I had previously tried calling our phone company (through which we have a bundled phone and internet service plan), and after speaking with a rather unfriendly customer service representative about my account, I was told that there was nothing she could do about my current rates.  Feeling defeated, I hung up the phone and assumed that the person that I had spoken to was correct.

When I received my bill last month, I opened it with dread, knowing what the amount of the bill would be.  Disheartened, I turned to the last page of my phone bill, and immediately called their customer service line.  This time my call was answered by a very friendly and helpful customer service representative who was more than happy to review my account with me, and offer me options to reduce my bill.

By making this one simple call, I was able to reduce my phone/internet bill by $26/month!!

It doesn't always work, but it doesn't hurt to try, and this time it paid off.  I'm quite happy that I attempted to negotiate a lower rate after my first failed attempt.  That one phone call, and five minutes of my time will result in an annual savings of $312 for my family!

Tuesday, July 2, 2013

Online Budgeting with Mint.com

Online budgeting has never been easier!!



Have you heard of Mint.com?  If you haven't, I highly recommend that you try it out, and here's why:

What is Mint.com?
Mint.com is an online budgeting site, but it's more than that... Mint.com gives you a realtime look at your finances via a secure internet connection.  It allows you to set up your budget and your goals, tracks your spending, tracks your goal progress, alerts you when payments are due, and gives you up to the minute accounting of your net worth!  All of this in one little website!!

How does it work?
While the setup is a little bit daunting, it's well worth the effort.  You provide Mint.com with your financial information (please note, this includes usernames and passwords for your various accounts), and it compiles all of that information in one place.  It shows you the balances of all of your cash accounts, and compares that to the balances owed on your loans, credit cards, and other obligations.  You can also input your street address, and it will calculate the value of your home and include that in your net worth. 
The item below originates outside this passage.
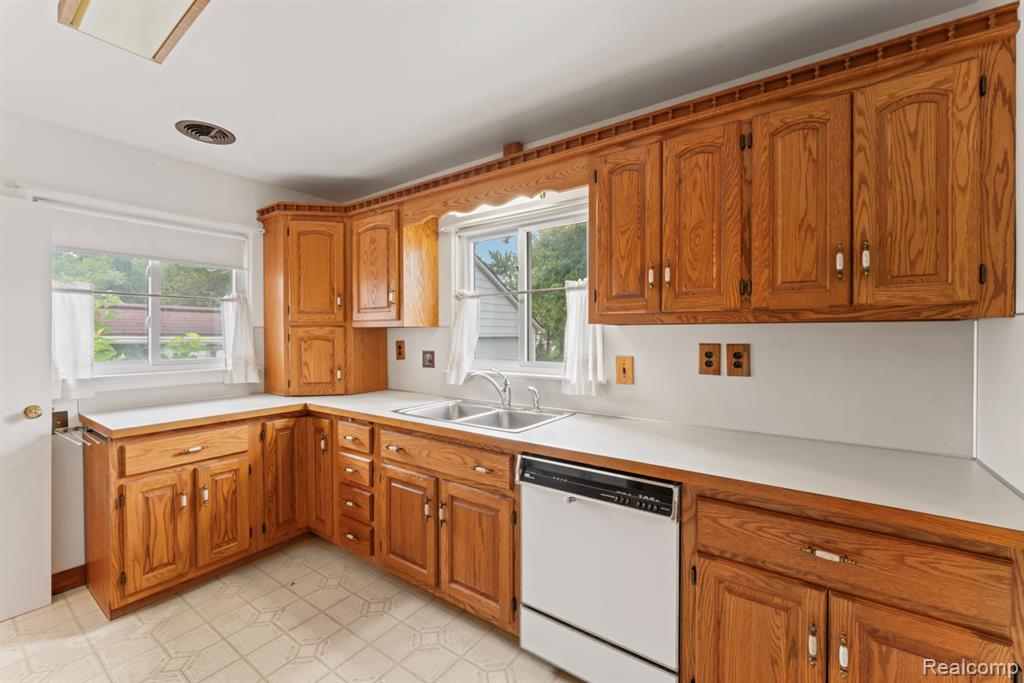 430 N Center Road, Saginaw, MI 48638 — Photo 7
What are some of the benefits?
Mint.com auto-categorizes your spending based on transactions.  If you use your debit card and make a purchase of $100 at a local grocery store, Mint.com automatically recognizes the grocery store chain, and deducts that $100 from your grocery budget.  If Mint.com doesn't know how to categorize a transaction it alerts you so that you can update that information, allowing more accurate reporting.

Aside from alerting you when a transaction needs categorizing, Mint.com will also alert you when the balance in a checking or savings account gets low, or if you have an upcoming bill due.  As well, Mint.com will offer you savings tips and ideas based on fees that you pay on your current accounts.  Ultimately, bill paying, and account choices are yours to make, but Mint.com makes it easier for you to see what your options are.

Mint.com Mobile
Not only can you access Mint.com via computer, but it is also available as an app for both Android and iPhone!  You can have access to all of your account balances at your fingertips at all times.

You no longer have an excuse for forgetting when bills are due, or inadvertantly overdrawing your checking account, Mint.com has your back on these things!  The greater advantage of Mint.com; it's completely free!  The longer you use the system, the more intuitive it becomes.  It begins to recognize your spending patterns, and allocates the transactions to the appropriate categories with more accuracy.  It's a powerful site, and a wonderful tool for keeping track of you spending and finances!